Martha Glenn, Enid, Oklahoma


   2-3/4 cups all-purpose flour, divided
   3 tablespoons sugar
   1 (1/4-ounce) package active dry yeast
   1/2 teaspoon salt
   1/2 teaspoon baking soda
   1 cup warm buttermilk (120° to 130°)
   2 tablespoons butter or margarine, melted
   3/4 cup raisins


In a mixing bowl, combine 2 cups flour, sugar, yeast, salt and baking soda. Combine buttermilk and butter; gradually add to dry ingredients and beat well. Turn out onto a lightly floured surface; knead in raisins and enough remaining flour to make a soft dough, about 6-8 minutes.
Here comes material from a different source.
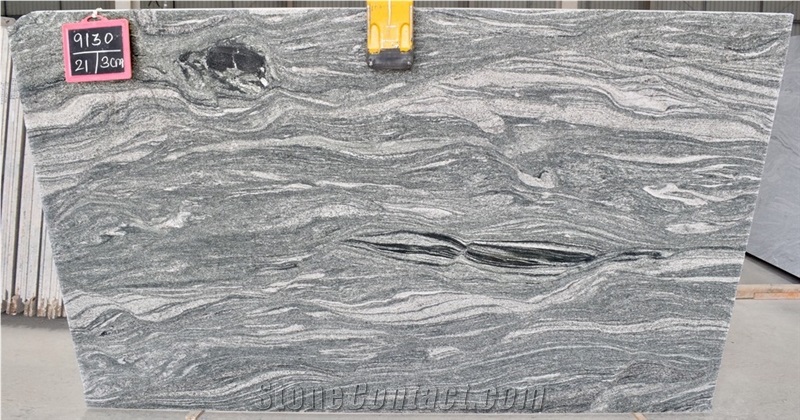 Verde Marina Granite Slabs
Place in a greased bowl, turning once to grease top. Cover and let rise in a warm place until doubled, about 1-1/2 hours. Punch dough down. Knead on a lightly floured surface about 15 times, forming a smooth round ball. Place on a greased baking sheet. Press dough down to form an 8-in. circle. Cover and let rise until doubled, about 30 minutes. Sprinkle dough lightly with flour; cut a 4-in. cross about 1/4 in. deep on the top. Bake at 350° for 30 minutes or until bread tests done. Remove to a wire rack.